The Guadeloupe Communist Party (Parti communiste guadeloupéen, PCG) is a political party in the French overseas department of Guadeloupe. The party publishes the newspaper Etincelle (meaning "Spark").

== History ==
A federation existed in the French Communist Party before 30 March 1958. The PCG was founded as a party at its first congress in 1958, in the town of Capesterre. In the 1968 legislative elections for the French National Assembly, the PCG received 37.3% of the popular vote; one of three deputies from Guadeloupe in the French Parliament was a communist. In 1973 one of the cofounders of the party, Hégésippe Ibéné, was also elected to the French National Assembly.

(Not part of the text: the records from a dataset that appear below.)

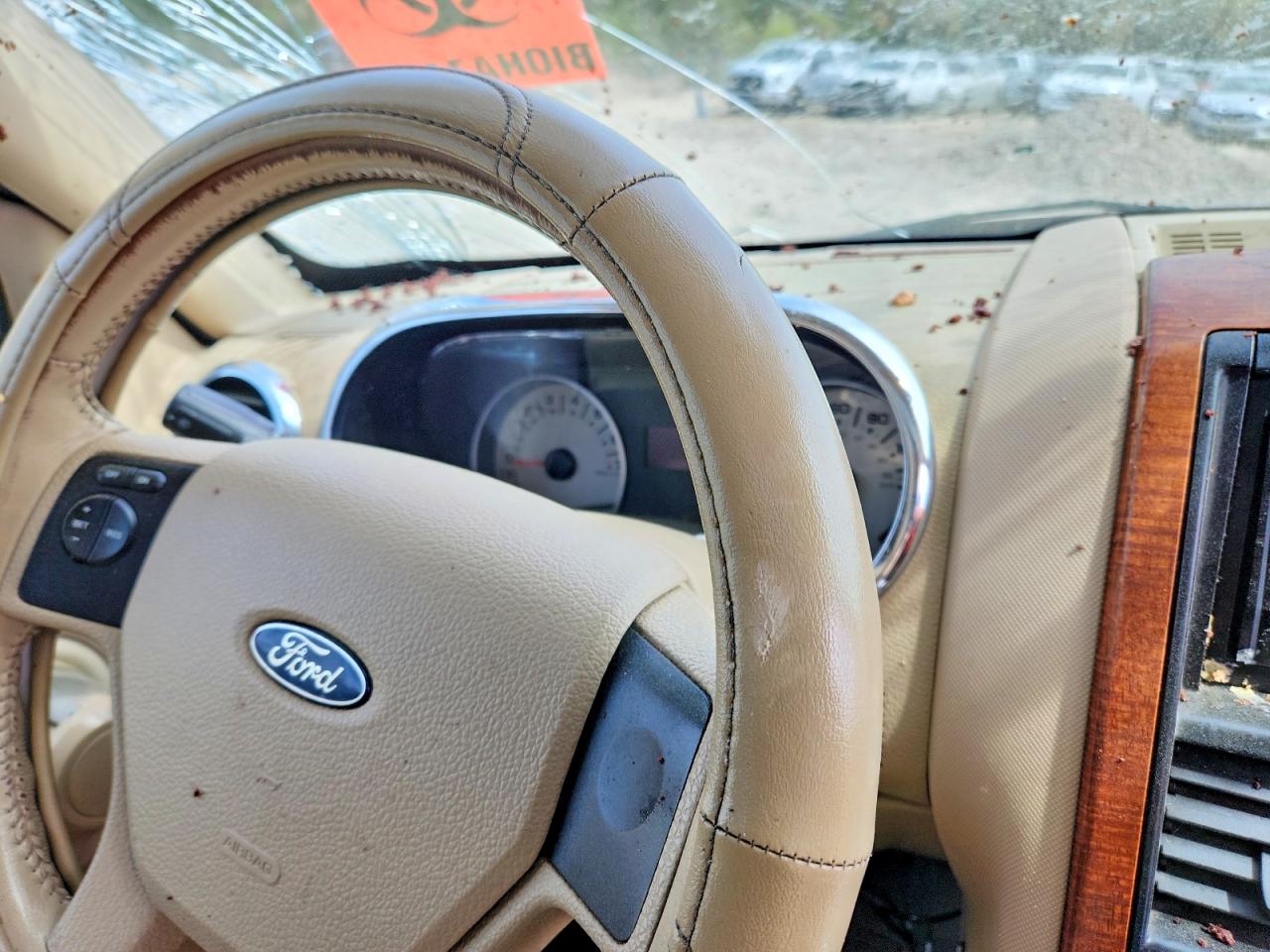 Ford Explorer Eddie Bauer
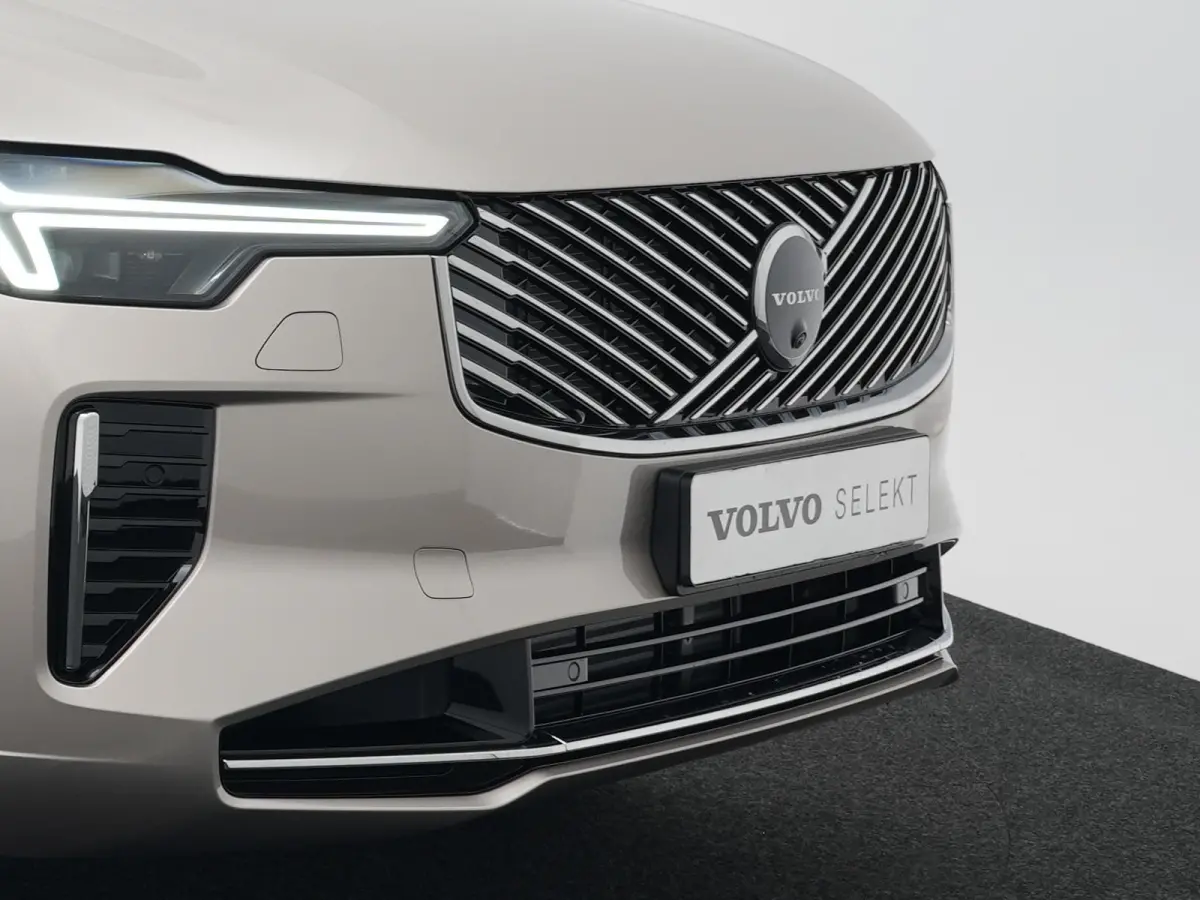 T8 Recharge AWD Ultra Bright Executive | Luchtvering | Bowers & Wilkins | Massage | Head-Up | 22" | Gelamineerd glas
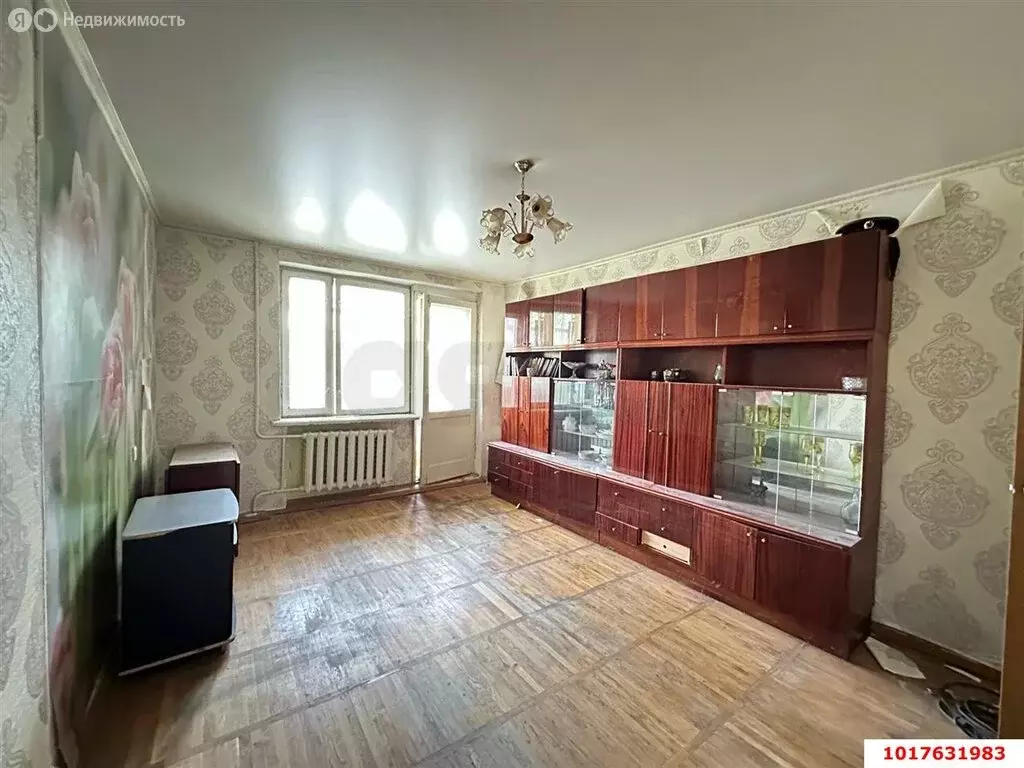 3-комнатная квартира: посёлок городского типа Яблоновский, улица ... - Фото 1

The PCG participated in the 1960 and 1969 International Communist and Workers Parties. The PCG approved the documents adopted by these meetings.

The second party congress of the PCG was held in 1961, and the main political task of the party was identified as uniting all workers in the pursuit of the provision of Guadeloupe internal autonomy within the French republic. The third party congress, held in 1964, adopted a political, economic and social program for achieving autonomy, covering demands for the establishment of local legislative assembly and executive body, agrarian reform, and development cooperation, among other things. In 1965, factional conflict erupted in the party leadership. A dissident faction was expelled from the party between 1966 and 1967. In late 1967, at the initiative of PCG, the Young Communist Union was founded. The fourth party congress was held in 1968.

In 1971, Guy Danent was the First Secretary of the party. The party had, in the same year, 1,500 members, and occupied significant positions in 10 of 34 municipalities in Guadeloupe, including eight mayors. The PCG also enjoyed influence in a few trade unions, including the General Confederation of Labour of Guadeloupe and the Union of Guadelopuean Women.

Ahead of the 2015 French regional elections, PCG nominated Mona Cadoce as its candidate for regional president. She obtained 1,297 votes (0.92% of the votes cast).

== Organisation ==
The party was built with democratic centralism as its organizing principle. The primary organization of the party is the cell; then there is the section and the supreme organ is the party congress. Between congresses PCG is headed by Central Committee and Politburo Central Committee.